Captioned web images
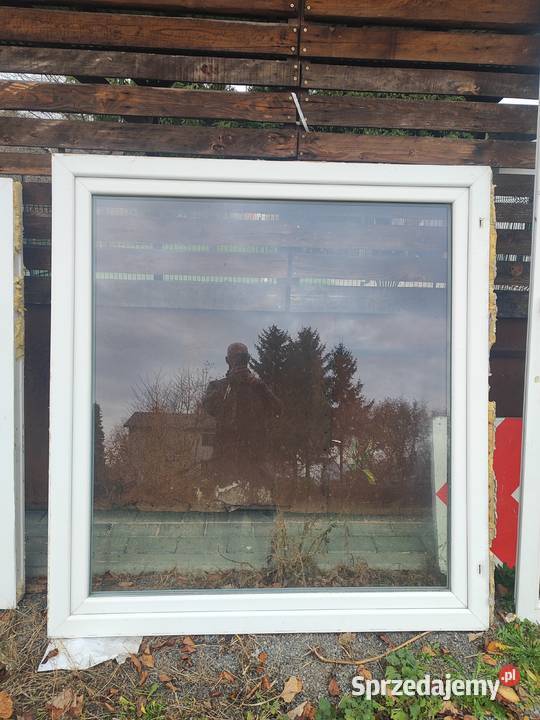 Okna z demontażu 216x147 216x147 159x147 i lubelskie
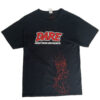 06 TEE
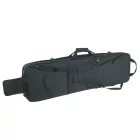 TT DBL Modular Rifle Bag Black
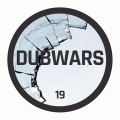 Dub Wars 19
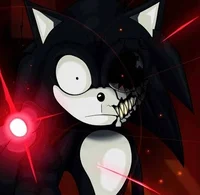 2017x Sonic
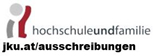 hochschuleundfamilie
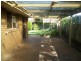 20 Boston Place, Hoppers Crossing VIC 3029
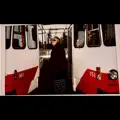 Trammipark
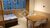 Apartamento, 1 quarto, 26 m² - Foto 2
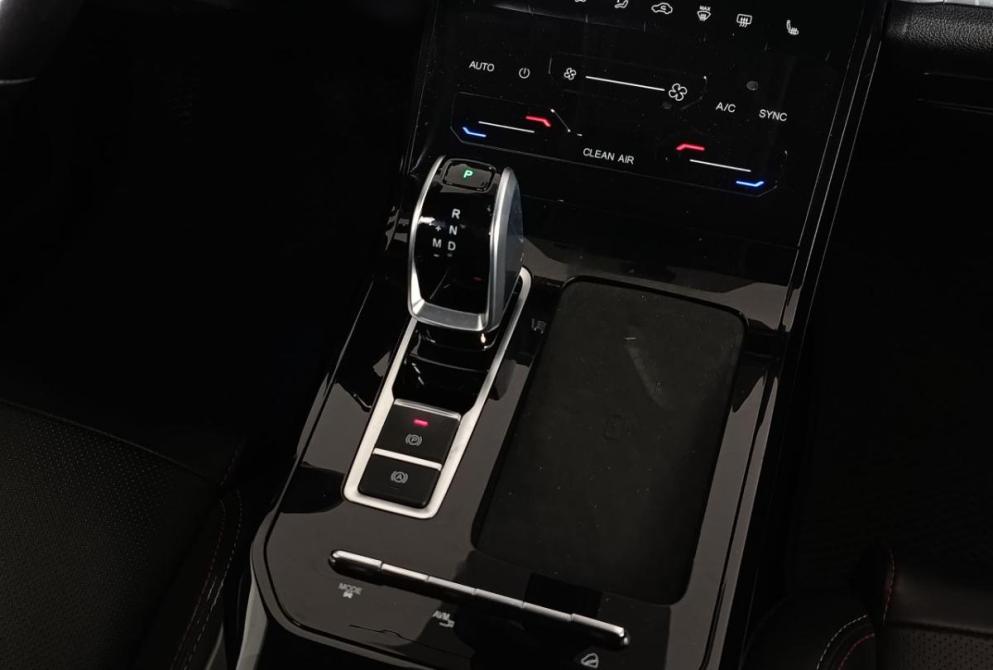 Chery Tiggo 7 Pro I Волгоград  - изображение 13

# [Work to be completed]
I need the lines from the one holding "20 Boston Place, Hoppers Crossing VIC 3029" through the last line of the entries set down exactly, with every picture left out.

# [Finished task]
 20 Boston Place, Hoppers Crossing VIC 3029
 Trammipark
 Apartamento, 1 quarto, 26 m² - Foto 2
 Chery Tiggo 7 Pro I Волгоград  - изображение 13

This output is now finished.